What is expected >> Find the line that holds "Three white kittens", then repeat it and each line below it word for word through the end of the listing, leaving out pictures.

Dataset content >>
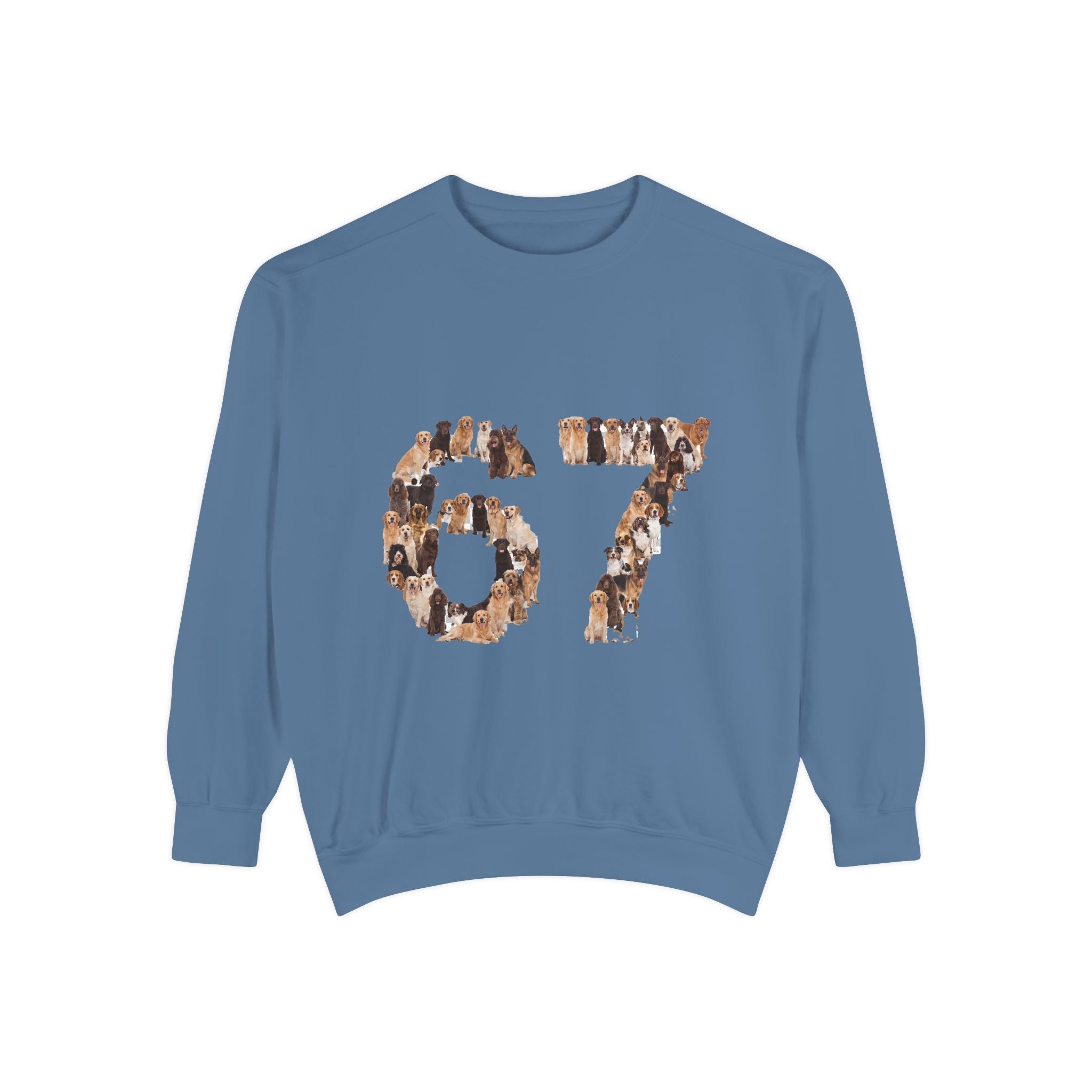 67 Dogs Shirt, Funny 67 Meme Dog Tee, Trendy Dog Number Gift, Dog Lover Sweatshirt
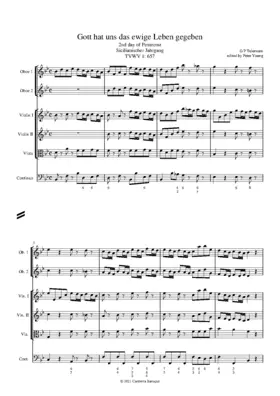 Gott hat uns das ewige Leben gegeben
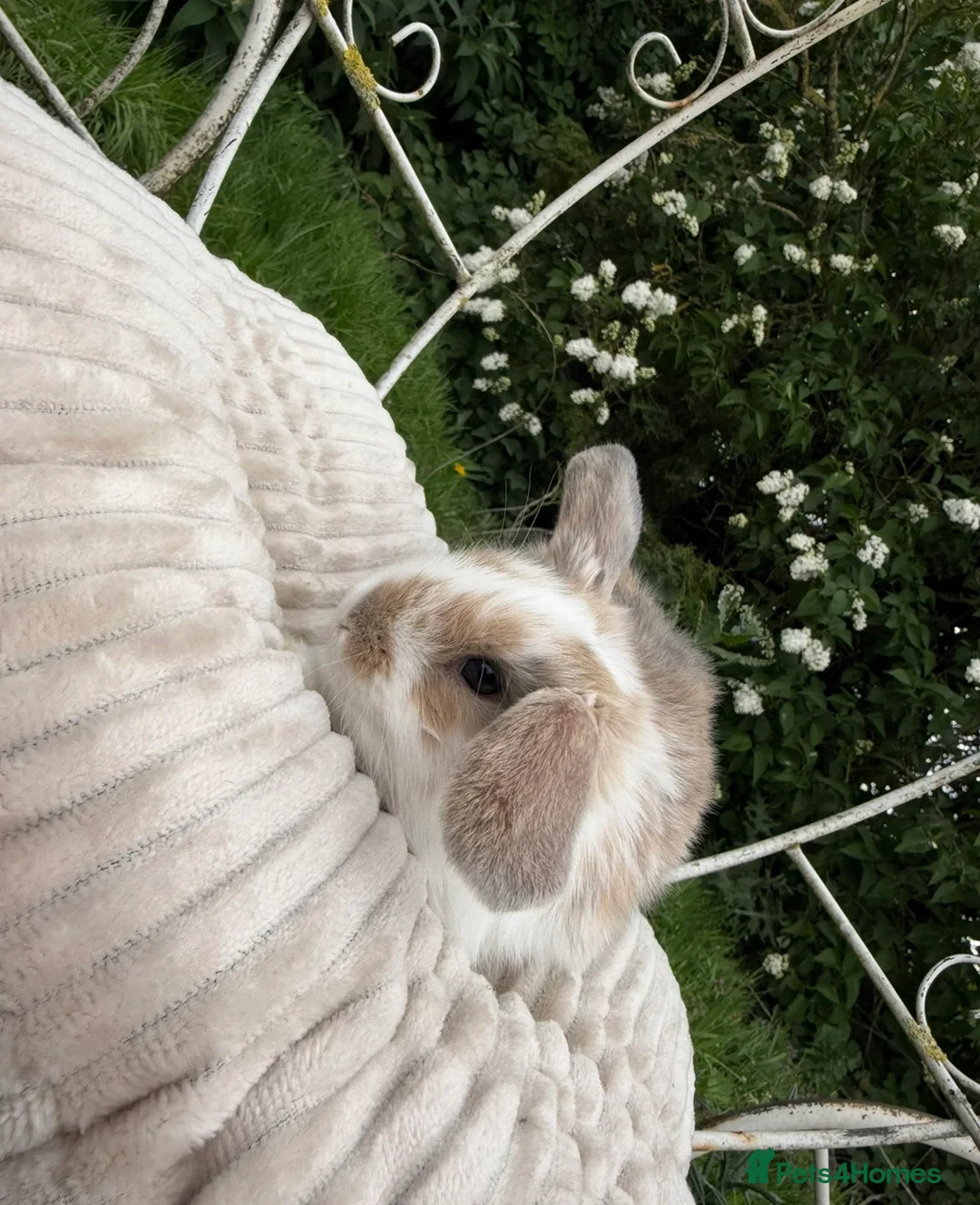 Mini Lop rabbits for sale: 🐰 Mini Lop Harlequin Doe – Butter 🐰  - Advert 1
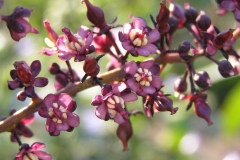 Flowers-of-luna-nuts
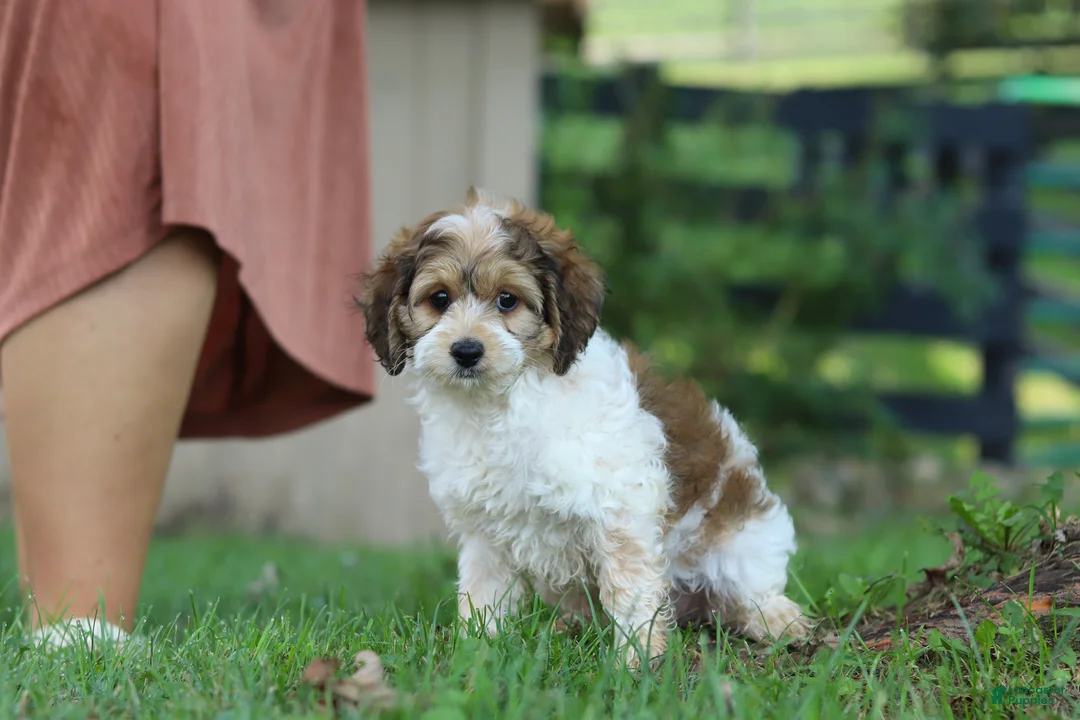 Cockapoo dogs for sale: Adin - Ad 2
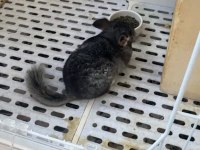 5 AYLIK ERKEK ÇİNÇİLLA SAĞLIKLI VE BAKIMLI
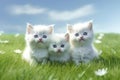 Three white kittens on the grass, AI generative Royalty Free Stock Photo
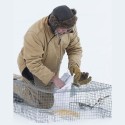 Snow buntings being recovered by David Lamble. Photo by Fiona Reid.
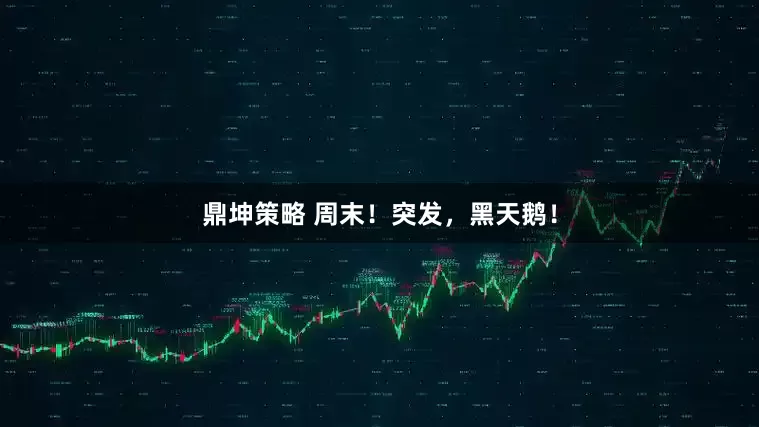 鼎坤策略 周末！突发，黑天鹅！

Exercise solution >>
 Three white kittens on the grass, AI generative Royalty Free Stock Photo
 Snow buntings being recovered by David Lamble. Photo by Fiona Reid.
 鼎坤策略 周末！突发，黑天鹅！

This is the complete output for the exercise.